A group led by Nathan Tinkler is considering lowering the price of its A$5.3 billion ($5.6 billion) offer for Whitehaven Coal Ltd. (WHC) after the Australian coal producer’s shares slumped and coal prices weakened, according to two people with knowledge of the matter.
Tinkler Group Pty is studying whether the deal is still viable at the original cash offer of A$5.20 a share, now a 42 percent premium to the last closing price, the people said, declining to be identified because the talks are private. The group is continuing talks with investors who may help fund the transaction, said one of the people.
Tinkler, who is Whitehaven’s largest shareholder with about 21 percent of the Sydney-based company, led the group that offered to buy the rest of the company on July 13. An independent committee agreed to allow the group access to Whitehaven’s financial data for four weeks. About 48.3 percent of shareholders expressed interest in becoming stakeholders in the new company and another 16.7 percent of shareholders may also join, according to Whitehaven.

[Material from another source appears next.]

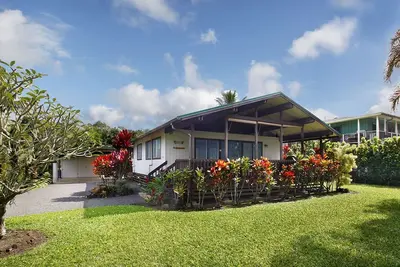 Image de Puanani: Hawaiian Style 2 Br \/ 1 Ba home, Puanani est hawaĂŻen pour une belle flowe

Kate Kerrison, a spokeswoman for Whitehaven, didn’t return a call today. Calls to Tinkler Group’s offices in Newcastle and Brisbane weren’t answered.
Tinkler, 36, an electrician-turned-miner who took his stake in Whitehaven when the company bought his Aston Resources Ltd. in May, is taking advantage of a 31 percent slump in the coal producer’s shares this year. Whitehaven said June 13 it had received an initial offer from Tinkler.
Coal prices have buckled because of weaker demand in India and China as economic growth slows. U.S. producers boosting exports of thermal coal as cheap domestic gas supplies prompt substitutions have also weighed prices down. About 69 percent of Whitehaven’s production was thermal coal, used to generate electricity, during fiscal 2012. Prices have dropped 20 percent since the start of the year.
Tinkler’s group has conditional letters of support from UBS AG (UBSN), JPMorgan Chase & Co. and Barclays Plc. They have agreed in principle to provide about A$2.5 billion in loans to help fund the deal, people familiar with the matter said June 18.
Whitehaven’s seven mine assets in New South Wales include the coking coal Maules Creek mine, the thermal coal Rocglen operations, as well as Sunnyside, Vickery, Werris Creek, and Tarrawonga, according to its website.